US-based Seattle Children’s has initiated a Phase I clinical trial to treat solid tumours using chimeric antigen receptor (CAR) T-cell immunotherapy.
The STRIvE-01 trial will recruit children and young adults suffering from relapsed or refractory non-central nervous system EGFR-expressing solid tumours such as childhood sarcoma, kidney and neuroblastoma cancers.
Although paediatric cancer survival rates have improved due to therapy advancements, solid tumours are said to be one of the most resistant type of cancer.
Seattle Children’s oncologist Katie Albert said: “Despite employing modern treatments that offer more intensive therapy or new drug combinations for children with solid tumours, we’ve been unable to improve outcomes for our highest-risk patient groups.
“It is those groups that push us to come up with innovative approaches so that we can see all of our patients cured of their cancer.”
The organisation previously conducted trials to assess engineered CAR T-cells to treat childhood leukaemia, but solid tumours have protective microenvironments that make targeting difficult.

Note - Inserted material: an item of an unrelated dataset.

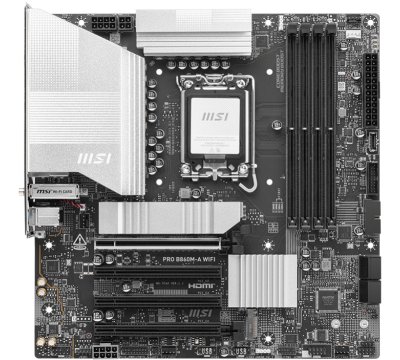 MSI PRO B860M-A WIFI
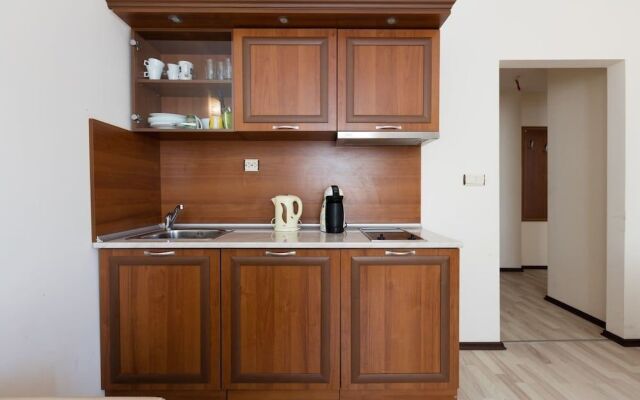 Two Bedroom Apartment with Kitchen & Balcony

For the solid tumours trial, researchers intend to reprogram a patient’s T-cells for targeting the abnormal EGFR protein expressed on the cancer cell surface.
The CAR T cells will be linked with the EGFR806 antibody in order to potentially identify and kill solid tumour cells that express EGFR, causing less toxicity to healthy tissues.

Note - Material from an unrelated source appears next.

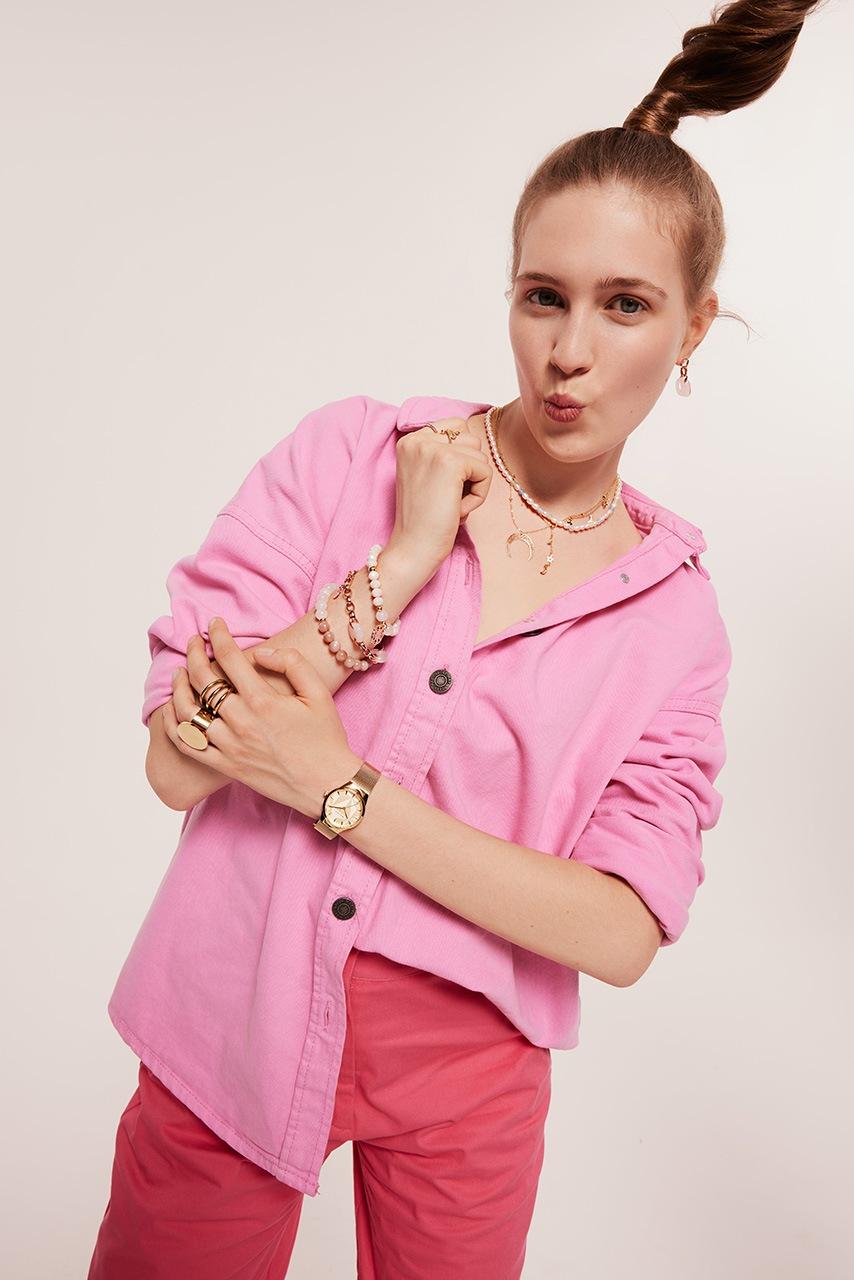 Elixa PIERŚCIONEK ZE STALI SZLACHETNEJ EL524-1248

STRIvE-01 is set to involve two sequential treatment arms, one of which will be initially treated with EGFR806 CAR T-cells to assess toxicity and determine maximum tolerated dose.
The second group will then receive CAR T-cells reprogrammed to target EGFR as well as CD19, a protein expressed on B lymphocytes.
A total of 36 subjects will be enrolled in the trial, which will investigate the dosing, safety and tolerability of the CAR T-cell immunotherapy.